Commentary
An Enigma CalledKanshi Ram
It is not easy to assess Kanshi Ram, either as a leader or as a legacy. The unprincipled pursuit of governmental power that he represented, falsely projecting this as bestowing political power on dalits, to the detriment of every other aspect of the dalit movement has certainly been a great negative. Whether in the long run, his model of politics furthers the dalit cause or hampers it is a question that can be posed but not easily answered.
ANAND TELTUMBDE
K
Born on March 15, 1934 in a humble Raidasi Sikh (dalit) family in Khawaspur village of Ropar district in Punjab, Kanshi Ram earned his BSc degree and took a job in a munitions factory in Pune. It is here that he was initiated into Ambedkarism by persons like the late D K Khaparde, his co-worker. His previous affiliation is said to be with a group headed by D Sundarayya. An incident in 1971 in which a qualified dalit woman was denied a job impelled Kanshi Ram onto a path of social activism. Mainstream dalit politics then was represented by factionridden Republican Party of India (RPI) in Maharashtra, although there was a rebellious eruption in response thereto of frustrated dalit youth in the form of the Dalit Panthers. Kanshi Ram is not known to have considered joining either of them; rather, as his early comrades claim, he was against the Dalit Panthers. He instead discerned potential in an unlikely class of government employees belonging to dalits, other backward classes (OBCs) and religious minorities and formed the All India Backward and Minority Employees Federation (Bamcef) on December 6, 1973.

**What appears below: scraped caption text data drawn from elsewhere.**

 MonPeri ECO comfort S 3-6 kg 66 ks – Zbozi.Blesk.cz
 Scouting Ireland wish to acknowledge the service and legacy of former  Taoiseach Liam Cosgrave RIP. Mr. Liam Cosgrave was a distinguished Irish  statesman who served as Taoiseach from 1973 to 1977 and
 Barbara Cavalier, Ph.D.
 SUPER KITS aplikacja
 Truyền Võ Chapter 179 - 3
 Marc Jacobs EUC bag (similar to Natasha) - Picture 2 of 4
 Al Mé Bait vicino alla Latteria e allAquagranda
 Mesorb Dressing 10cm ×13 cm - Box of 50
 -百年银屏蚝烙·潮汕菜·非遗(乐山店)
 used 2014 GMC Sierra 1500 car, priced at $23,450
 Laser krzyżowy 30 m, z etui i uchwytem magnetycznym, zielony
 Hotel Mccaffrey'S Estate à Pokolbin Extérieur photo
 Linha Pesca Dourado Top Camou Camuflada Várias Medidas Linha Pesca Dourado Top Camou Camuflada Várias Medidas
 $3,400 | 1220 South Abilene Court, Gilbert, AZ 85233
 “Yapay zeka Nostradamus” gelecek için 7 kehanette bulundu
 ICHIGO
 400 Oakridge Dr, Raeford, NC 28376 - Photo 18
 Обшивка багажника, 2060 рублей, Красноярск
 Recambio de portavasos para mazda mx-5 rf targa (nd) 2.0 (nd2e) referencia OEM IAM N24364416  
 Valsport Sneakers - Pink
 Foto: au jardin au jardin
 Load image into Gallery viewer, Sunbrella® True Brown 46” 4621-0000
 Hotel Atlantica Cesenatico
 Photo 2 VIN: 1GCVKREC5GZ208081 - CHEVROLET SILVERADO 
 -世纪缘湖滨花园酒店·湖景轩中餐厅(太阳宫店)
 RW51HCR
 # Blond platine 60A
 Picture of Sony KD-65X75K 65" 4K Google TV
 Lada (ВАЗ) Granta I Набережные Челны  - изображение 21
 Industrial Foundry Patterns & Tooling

What distinguished Bamcef from many other dalit outfits was the perseverance and hard work of Kanshi Ram. Of course, he was actively helped by local Ambedkarite dalits, most of them coming from the Nagpur region. They are all lost to Bahujan Samaj Party (BSP) historiography today. Since the Bamcef’s apolitical format fitted well the government employees who yearned for “giving back to the society”, many people plunged into it and contributed their time and money in a missionary mode. The Bamcef soon spread across the country, though it remained unnoticed to the mainstream media. To counter this media bias, it launched its own organ Oppressed Indian and later scores of daily/weekly newspapers in most Indian languages.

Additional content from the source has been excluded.